Repository files navigation

UPH_SentimentForecast

The initial goal of our program is to find customer satisfaction in America for fast food restaurants by analysing tweets and creating a sentiment analysis using a technique called lexical analysis (matching words for positive/negative words). From the sentiment analysis, we scored the restaurant on a scale of 0-100 with a higher number indicating a higher satisfaction rate. Rather than just showing a text result of the sentiment score , we have created a histogram and a bar chart to view our sentiment scores in a better and more visual manner. We also implemented a word cloud so that you can see the words that frequently pops up in the tweets! However, we took things a lot further than just analysing sentiment scores! We also forecasted next year's satisfaction score by using linear regression techniques. We can then forecast the linear regression line and see whether it looks like it will go up or down and forecast the value of the satisfaction score too! In total we analysed 7 restaurants consisting of KFC, McDonald's, Burger King, Starbucks, Domino's, Pizza Hut, and Wendy’s.

Getting Started

To be able to run this Shiny app, you will need to have the following prerequesites and have follow the instructions below.

Prerequisites

Libraries needed on R:

  • twitteR
  • shiny
  • RCurl
  • wordcloud
  • tm
  • tmap
  • plyr
  • stringr
  • xml
  • ggplot2

Running the application

Make sure you have all the prerequisites installed and you are connected to the internet. Then copy the following into R console to run the app:

shiny::runGitHub("jamesadhitthana/UPH_SentimentForecast")
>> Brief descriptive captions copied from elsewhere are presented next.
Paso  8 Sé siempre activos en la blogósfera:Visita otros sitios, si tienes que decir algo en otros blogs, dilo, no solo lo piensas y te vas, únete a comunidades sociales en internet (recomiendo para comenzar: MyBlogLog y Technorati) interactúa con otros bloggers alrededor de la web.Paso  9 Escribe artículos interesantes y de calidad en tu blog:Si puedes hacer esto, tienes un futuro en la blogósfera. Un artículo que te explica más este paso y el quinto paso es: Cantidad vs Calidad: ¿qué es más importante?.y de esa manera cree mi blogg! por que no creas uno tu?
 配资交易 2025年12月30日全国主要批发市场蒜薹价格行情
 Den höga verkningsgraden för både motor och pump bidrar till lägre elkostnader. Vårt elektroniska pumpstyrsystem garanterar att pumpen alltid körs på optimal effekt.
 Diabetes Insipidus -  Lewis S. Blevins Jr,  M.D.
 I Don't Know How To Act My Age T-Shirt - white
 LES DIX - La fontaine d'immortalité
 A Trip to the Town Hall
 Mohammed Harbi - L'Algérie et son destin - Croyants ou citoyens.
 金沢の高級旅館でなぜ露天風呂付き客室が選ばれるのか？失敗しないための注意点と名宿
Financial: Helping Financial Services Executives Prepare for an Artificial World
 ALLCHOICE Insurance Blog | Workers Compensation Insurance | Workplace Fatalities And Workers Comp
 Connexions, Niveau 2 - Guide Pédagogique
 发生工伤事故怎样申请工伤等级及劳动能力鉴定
If all works well this is the main view when our shiny program is first run.

tutorial1

User can see information related to the brand that will be seen by pressing the radio button available. After choosing a brand, the user can select the type of information that will be displayed by pressing the existing action button. There are 4 graphs that can be displayed: Histogram, Bar Chart, Linear Regression, Word Cloud. Specially for the Histogram and Bar Chart will show the graph of all existing brands in order to show the comparison.

tutorial2

This is the view of the histogram after the user hits the view histogram button.

tutorial3

User can also display graph bar charts to show the sentiment score of each brand.

tutorial4

Then, user can see the linear regression of each brand to see the analysis and prediction of customer satisfaction for the next year.

tutorial5

And the last, the user can see the word cloud that shows the word that often appears on Twitter related with the selected brand.

tutorial6

Explanation

On this section, we will explain the techniques that we have used to achieve our results.

searchTwitter

To grab and download the tweets from twitter the ‘twitteR’ library is used. Before we can get started the consumer_key, consumer_secret,acces_token, and access_secret has to be activated first before we can access the twitter API via the twitteR library.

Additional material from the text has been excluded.